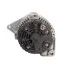 Генератор восстановлен Renault Megane I 96-03, Renault Espace 97-02, Volvo S40 95-04 MSG 7700431945 (фото 3)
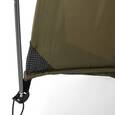 extra-Палатка Helinox Tactical Cot Tent Solo Inner tent (Mesh)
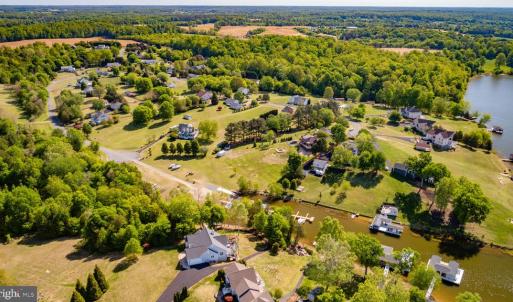 Photo #26 of 6000 DERRICK CIR, MINERAL, VA 0.9 acres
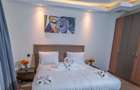 Serviced 2 Bed Apartment with En Suite at Lower Kabete Road - 7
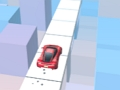 Gioco Super Dash Car in linea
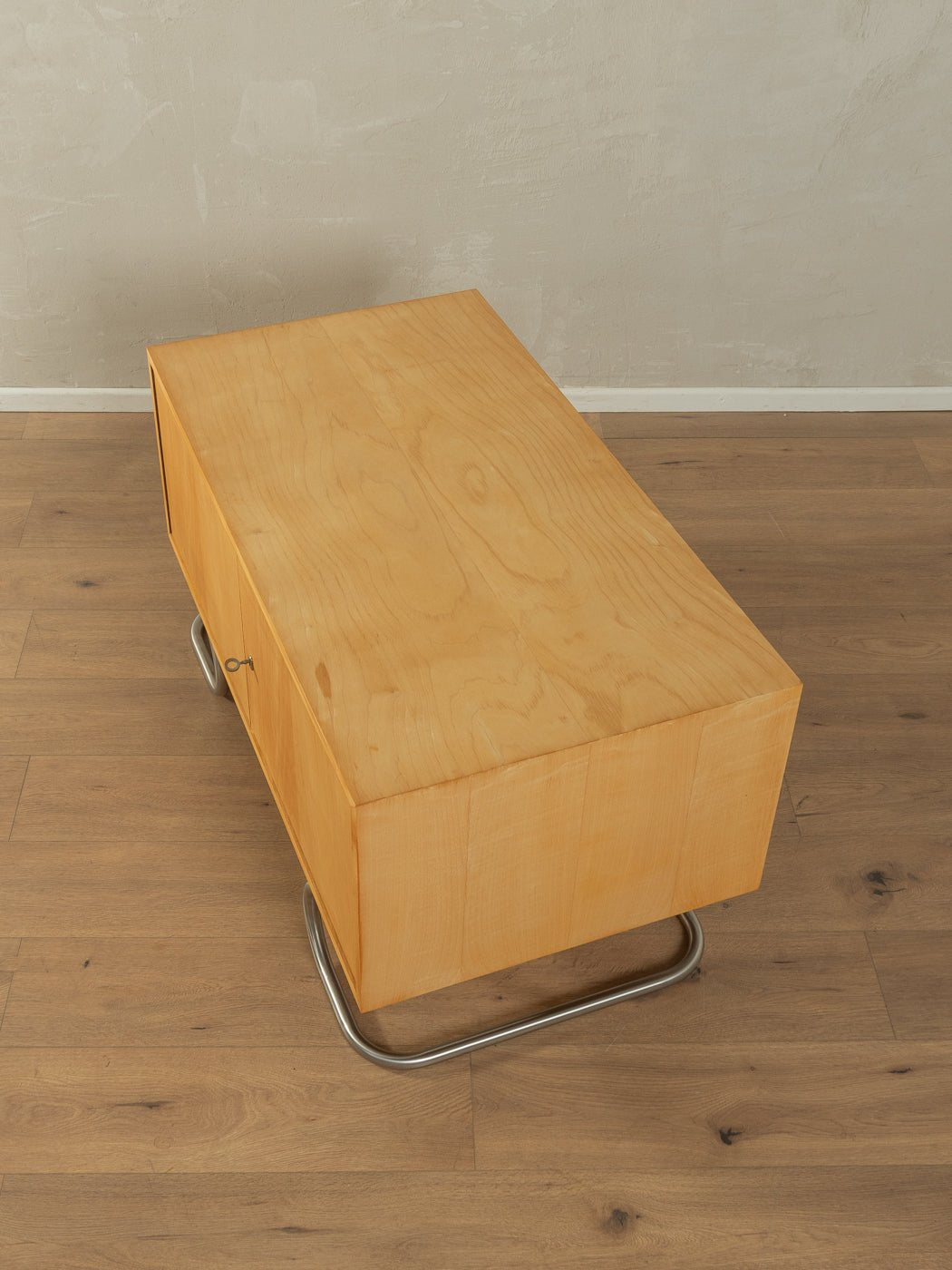 1960er Jahre Sideboard, WK Möbel - Mid Century Friends - Vintage - Retro - Mid Century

────────────────────

● **Action item**
Starting with the line that contains "Serviced 2 Bed" and ending with the last line of the data above, transcribe exactly those lines and no others, without pictures.

● **Response**
 Serviced 2 Bed Apartment with En Suite at Lower Kabete Road - 7
 Gioco Super Dash Car in linea
 1960er Jahre Sideboard, WK Möbel - Mid Century Friends - Vintage - Retro - Mid Century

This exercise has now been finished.